When it comes to saving for retirement, the earlier you can start the better.
If you start saving at the beginning of your career, you’re only going to have to put aside a little every month to be able to retire with an enormous sum as the power of compounding does all the heavy lifting for you. Indeed, if you start saving at age 25 and retire at 65, you only need to put away £100 a month and achieve an annual return of around 10% to retire with £600,000 (excluding inflation).
However, starting saving later in life makes building wealth harder because you’re unlikely to benefit from compounding as much as a younger investor. Nonetheless, it is still possible to retire with £1m if you start saving at 45 and if you make the right decisions. After all 99% of Warren Buffett’s wealth today was earned after his 50th birthday.
Time to start saving
Unfortunately, if you start saving at 45, you’re going to have to work a bit longer than usual and you’re going to have to save more than a 25 year-old would be able to get away with. Still, it’s likely that at age 45 you’ll have more capacity to save more as you may have already paid off a portion of your mortgage and be earning a higher wage than entry level 20-somethings.

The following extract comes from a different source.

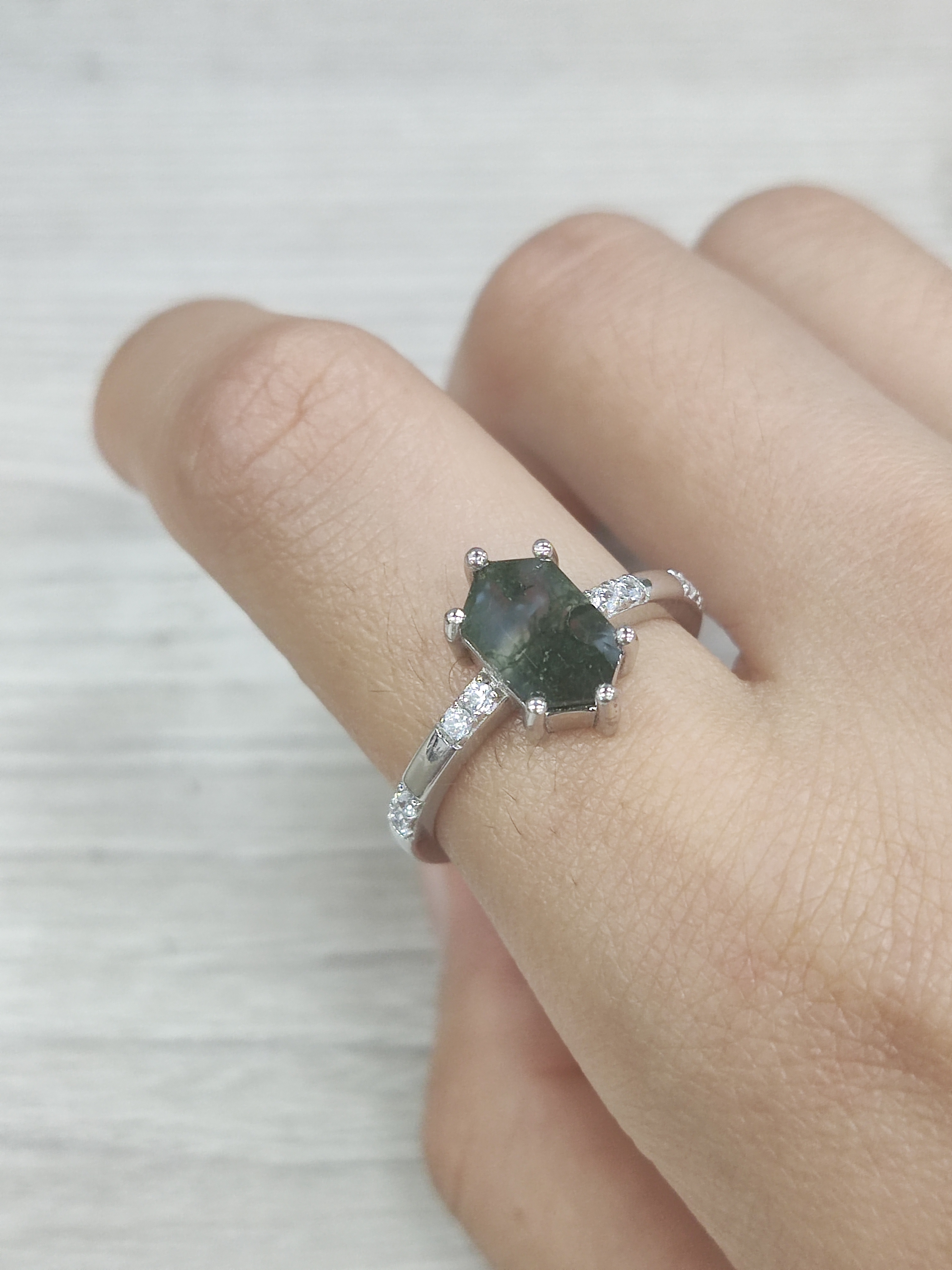 925 Sterling Silver Green Moss Agate Geometry Cut Engagement Ring Nature Inspired New Design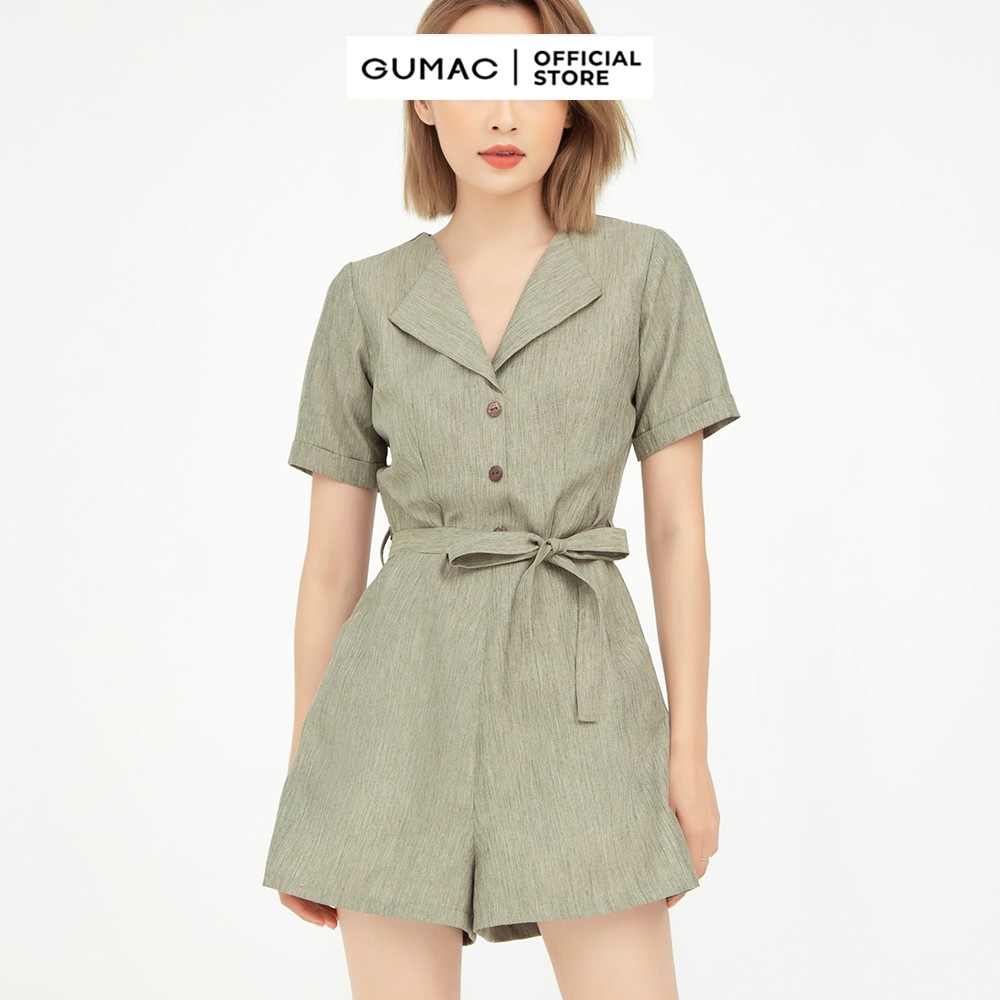 [Mã WABRG208 giảm 10% tối đa 50k đơn từ 250k] Jumpsuit nữ phối nút GUMAC, thiết kế màu xanh hot trend DB566 | BigBuy360 - bigbuy360.vn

For the purpose of this example, I will be using an annual return rate of 10%, which is slightly on the high side but it is still achievable if you invest your money in high-quality growth and income stocks.
If you save £100 a month at age 45, and retire at 70 with an annual return of 10%, you’ll retire with a pension pot of only £130,000, a respectable figure but not the £1m benchmark desired. To reach this goal, you will need to contribute more every month. Doubling the monthly contribution to £200 will leave you with £259,000 at 75, and a monthly contribution of £300 will give you £388,000 within 25 years.
Starting from zero
All of these examples assume that you start off at zero. Once again, this is where the 45 year-old might be better off than the younger saver because it’s more likely you will have already saved a small nest egg at this stage in life. Assuming a small savings pot of £10,000 to start, a £300 monthly contribution will give a total of £502,000 within 25 years – half-way there.

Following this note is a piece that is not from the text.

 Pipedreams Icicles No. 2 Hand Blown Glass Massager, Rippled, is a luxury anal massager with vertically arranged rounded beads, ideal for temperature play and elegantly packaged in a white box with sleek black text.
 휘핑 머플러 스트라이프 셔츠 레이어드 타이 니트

To reach the £1m mark with the lowest possible monthly contribution, an initial fund of £25,000 is needed. If you have this pot at age 45, you can get away with saving £550 a month to reach £1m by 70. If you don’t have this nest egg to begin with, the lowest monthly contribution you can get away with is £775.
For some comparison, if you saved £775 every month from age 25, you would have £7.6m by age 70. Put simply, yes you can save £1m by retirement at age 45, but it pays to start saving sooner rather than later.